Neuronal Circuitry of Addiction

Outstanding questions

•How do the specific levels of drug-induced adaptations interact and influence each other to result in complex behavioral changes?

•Which molecular pathways and circuits could serve as the most promising potential therapeutic targets for Substance use disorder?

•Which mechanisms determine individual vulnerability to excessive substance consumption?

•SUD is a polygenic disorder. How is it possible that manipulating single genes in animal models can result in animals that are resilient or vulnerable to SUD?

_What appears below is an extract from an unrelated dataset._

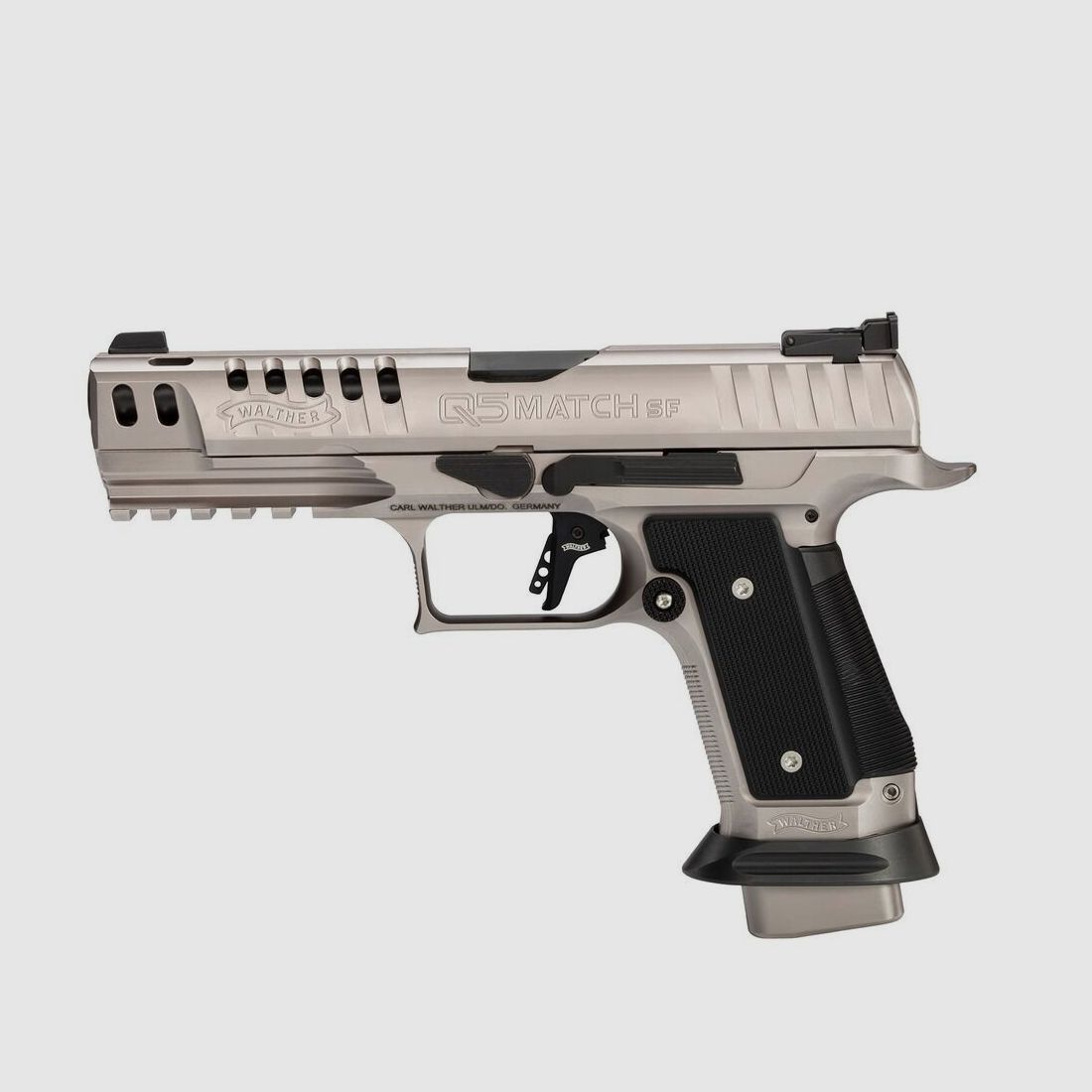 Walther Mod. Q5 Match SF Black Tie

•Are there additional, currently unknown variants that confer susceptibility for or resilience against developing problem Drug use and SUD?

Summary

•Substance use disorders are complex, multistage diseases

•disturbances in three major neurocircuits:

•(i) basal ganglia-driven binge/intoxication stage, (ii) extended amygdala-driven withdrawal/negative affect stage, and (iii) prefrontal cortex-driven preoccupation/anticipation stage

•In these three domains, neurotransmitter-specific and neuromodulator-specific neuroplastic changes are seen in multiple subsystems

•Molecular genetic mediation and epigenetic changes in these same circuits provide pre-existing vulnerabilities to addiction, increased susceptibility to environmental risk factors, and targets for development of novel treatments and resilience to relapse.